Oddly enough, her mind kept reverting back to their last encounter with Sesshoumaru.
“What was it like?” she asked suddenly to Kohaku. Her dress still hung at her waist, so she loosely crossed her arms over her chest and peered back at the boy.
Kohaku did not turn around. “What was what like?”
“What was it like fighting Sesshoumaru?”
Kohaku stilled. The breath whooshed out of him loudly, and he turned to look at her with a blank expression. Kagura waited with growing irritation.
“Well?” she snapped.
Kohaku took his sweet time. “Like any other battle,” he finally said.
“I see.” Kagura sighed. She found herself strangely disappointed and she had to turn away to hide it. For some reason, she had expected something profound, something special.
“Though...” Kagura turned back around. Kohaku’s face was twisted in a wistful, vulnerable expression. “It would have been a swift death.”
Kagura nodded vaguely, turned around
It hit her like a punch in the face.
That was it.
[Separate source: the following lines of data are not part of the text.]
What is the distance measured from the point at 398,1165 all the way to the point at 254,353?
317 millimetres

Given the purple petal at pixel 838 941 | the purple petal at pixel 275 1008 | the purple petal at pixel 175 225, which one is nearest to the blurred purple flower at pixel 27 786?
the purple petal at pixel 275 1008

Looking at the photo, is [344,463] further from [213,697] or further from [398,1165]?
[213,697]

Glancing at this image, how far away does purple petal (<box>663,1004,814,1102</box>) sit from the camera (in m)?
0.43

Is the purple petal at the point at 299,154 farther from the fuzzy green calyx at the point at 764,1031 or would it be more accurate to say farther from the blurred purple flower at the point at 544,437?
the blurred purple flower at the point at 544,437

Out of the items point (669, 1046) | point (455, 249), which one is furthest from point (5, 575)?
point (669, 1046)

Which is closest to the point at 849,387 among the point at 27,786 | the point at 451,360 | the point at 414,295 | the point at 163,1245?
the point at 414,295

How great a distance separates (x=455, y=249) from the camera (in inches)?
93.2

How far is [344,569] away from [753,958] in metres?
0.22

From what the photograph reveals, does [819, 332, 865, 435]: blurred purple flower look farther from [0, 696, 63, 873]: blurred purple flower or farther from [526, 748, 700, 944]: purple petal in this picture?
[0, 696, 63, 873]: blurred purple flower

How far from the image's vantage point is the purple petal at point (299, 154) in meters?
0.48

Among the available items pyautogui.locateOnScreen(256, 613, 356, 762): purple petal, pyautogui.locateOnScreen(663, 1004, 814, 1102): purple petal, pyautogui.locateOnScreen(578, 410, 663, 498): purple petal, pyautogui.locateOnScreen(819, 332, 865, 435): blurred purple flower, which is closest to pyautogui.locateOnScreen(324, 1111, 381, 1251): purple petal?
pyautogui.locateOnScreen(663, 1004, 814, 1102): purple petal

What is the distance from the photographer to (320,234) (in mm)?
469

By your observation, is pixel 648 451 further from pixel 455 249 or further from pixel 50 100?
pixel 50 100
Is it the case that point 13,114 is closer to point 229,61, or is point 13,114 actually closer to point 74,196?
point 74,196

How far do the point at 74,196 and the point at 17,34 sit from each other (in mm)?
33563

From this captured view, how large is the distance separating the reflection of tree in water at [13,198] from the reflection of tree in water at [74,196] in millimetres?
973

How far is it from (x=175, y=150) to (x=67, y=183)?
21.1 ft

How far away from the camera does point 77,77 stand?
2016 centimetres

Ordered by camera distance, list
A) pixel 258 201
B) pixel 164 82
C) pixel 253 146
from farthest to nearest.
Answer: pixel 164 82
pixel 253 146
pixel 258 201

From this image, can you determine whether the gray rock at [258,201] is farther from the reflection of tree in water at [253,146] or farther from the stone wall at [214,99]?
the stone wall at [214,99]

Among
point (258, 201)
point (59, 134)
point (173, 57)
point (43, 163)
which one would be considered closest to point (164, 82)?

That was it. That was the difference between her and him. The difference between innocence and corruption.
He wanted to die. How obvious was that? But he wanted to die. Kagura could barely wrap her mind around the concept. She could joke about it yes, she could contemplate it maybe, but she couldn’t want it. Not for a million head-rolling reasons. Not for anything. She was a coward, perhaps, but Kagura was a full-time coward. A quality coward. She didn’t want just any cheap freedom, she wanted the whole thing, the whole basket. She wanted the extra bread loaves that she’d never eat, and that extra laugh before her head would fall, and she wanted all the scraps, all the little things-the surge of power, the taste of wind, the ruined dresses, the private smiles.
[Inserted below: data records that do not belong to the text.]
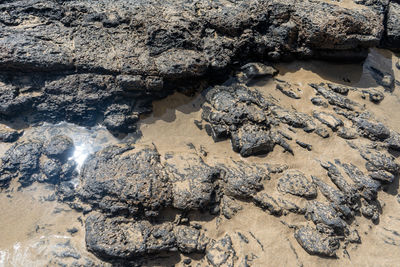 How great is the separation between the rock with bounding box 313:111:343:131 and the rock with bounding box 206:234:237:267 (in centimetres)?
221

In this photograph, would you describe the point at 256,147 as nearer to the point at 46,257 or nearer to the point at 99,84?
the point at 99,84

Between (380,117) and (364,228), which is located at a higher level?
(380,117)

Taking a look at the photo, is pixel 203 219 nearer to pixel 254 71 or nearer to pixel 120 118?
pixel 120 118

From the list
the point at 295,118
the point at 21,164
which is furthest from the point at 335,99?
the point at 21,164

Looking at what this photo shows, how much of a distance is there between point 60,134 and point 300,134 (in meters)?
3.47

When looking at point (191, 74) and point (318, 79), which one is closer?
point (191, 74)

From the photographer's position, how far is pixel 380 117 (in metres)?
4.22

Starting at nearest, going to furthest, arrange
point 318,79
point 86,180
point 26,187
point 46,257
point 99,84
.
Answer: point 46,257
point 86,180
point 26,187
point 99,84
point 318,79

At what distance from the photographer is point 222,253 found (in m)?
3.01

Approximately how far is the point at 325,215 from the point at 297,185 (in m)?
0.46

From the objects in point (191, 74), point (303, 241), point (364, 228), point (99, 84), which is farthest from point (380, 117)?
point (99, 84)

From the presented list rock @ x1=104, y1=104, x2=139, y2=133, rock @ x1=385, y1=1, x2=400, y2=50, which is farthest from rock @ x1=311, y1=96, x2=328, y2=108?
rock @ x1=104, y1=104, x2=139, y2=133

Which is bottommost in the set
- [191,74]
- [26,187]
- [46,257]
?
[46,257]

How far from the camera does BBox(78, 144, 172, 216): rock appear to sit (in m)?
3.07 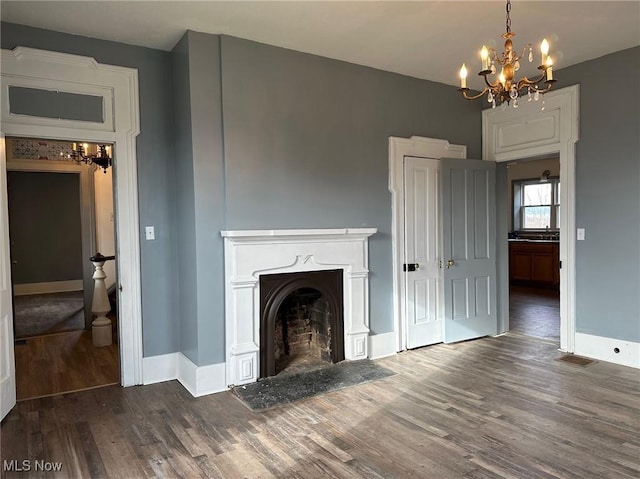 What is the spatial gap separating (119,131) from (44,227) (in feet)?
20.3

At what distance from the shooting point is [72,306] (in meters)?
7.17

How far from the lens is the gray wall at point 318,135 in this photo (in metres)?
3.68

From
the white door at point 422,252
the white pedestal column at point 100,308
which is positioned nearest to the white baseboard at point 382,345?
the white door at point 422,252

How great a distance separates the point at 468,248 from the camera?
4.94 metres

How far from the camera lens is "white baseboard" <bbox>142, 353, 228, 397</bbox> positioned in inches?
139

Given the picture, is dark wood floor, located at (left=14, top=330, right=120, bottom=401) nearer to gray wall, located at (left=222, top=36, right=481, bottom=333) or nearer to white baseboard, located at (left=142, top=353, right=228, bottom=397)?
white baseboard, located at (left=142, top=353, right=228, bottom=397)

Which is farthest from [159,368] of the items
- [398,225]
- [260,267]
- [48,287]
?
[48,287]

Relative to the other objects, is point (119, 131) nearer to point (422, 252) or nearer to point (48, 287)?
point (422, 252)

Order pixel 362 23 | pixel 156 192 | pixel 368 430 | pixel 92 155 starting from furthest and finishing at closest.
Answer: pixel 92 155, pixel 156 192, pixel 362 23, pixel 368 430

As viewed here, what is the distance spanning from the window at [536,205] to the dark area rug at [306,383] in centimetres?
674

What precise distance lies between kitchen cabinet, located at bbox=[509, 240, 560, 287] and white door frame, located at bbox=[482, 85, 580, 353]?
4.35m

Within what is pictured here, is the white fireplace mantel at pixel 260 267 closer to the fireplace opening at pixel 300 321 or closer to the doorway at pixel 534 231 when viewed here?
the fireplace opening at pixel 300 321

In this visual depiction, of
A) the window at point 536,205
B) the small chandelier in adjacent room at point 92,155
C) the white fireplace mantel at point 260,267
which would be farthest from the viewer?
the window at point 536,205

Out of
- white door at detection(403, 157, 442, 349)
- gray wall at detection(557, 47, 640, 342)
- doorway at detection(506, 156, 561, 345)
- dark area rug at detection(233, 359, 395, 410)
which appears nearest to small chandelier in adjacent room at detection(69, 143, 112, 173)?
dark area rug at detection(233, 359, 395, 410)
But Kohaku? He didn’t care about any of that. Not for guilty pleasures, not for power struggles, not for acts of defiance. A corpse could not find pleasure in future things. And that too, was obvious, but…he really couldn’t. Not an inkling of feeling. Not a care to die. He wasn’t a coward, but he wasn’t brave either; he wasn’t anything.
Kagura wanted control of her freedom, but Kohaku wanted freedom from control. That was it, that was all. Nothing more and nothing less.
There was a difference in that. A big difference. A giant fucking maw of a difference.
Kagura supposed that was what she got for generalizing freedom.
“Pointless,” Kagura scoffed at last. “This whole venture was absolutely pointless. Naraku’s going to mutilate me. Naraku’s going to mutilate you.”
Kohaku said nothing, simply stared. Kagura’s scowl deepened.
“Stupid. This was all stupid,” she muttered. She felt fidgety, like she wanted to kill something. She looked back at Kohaku and pointedly glared. “Would you mind? Turn around. I’m trying to dress here.”
Kohaku complied. She glared at his back for some time after between the folds of her kimono, but after a while she stopped. She couldn’t find the energy too, really. It was like glaring at a rock wall, for one thing, and for another…
With his back turned, Kagura could admit it to herself. The truth of his words.
Death by Sesshoumaru’s hands, huh? Kagura allowed herself a small smile. Swift indeed. He could probably chop her head off faster than Naraku ever could.
There was something morbidly pleasurable in that.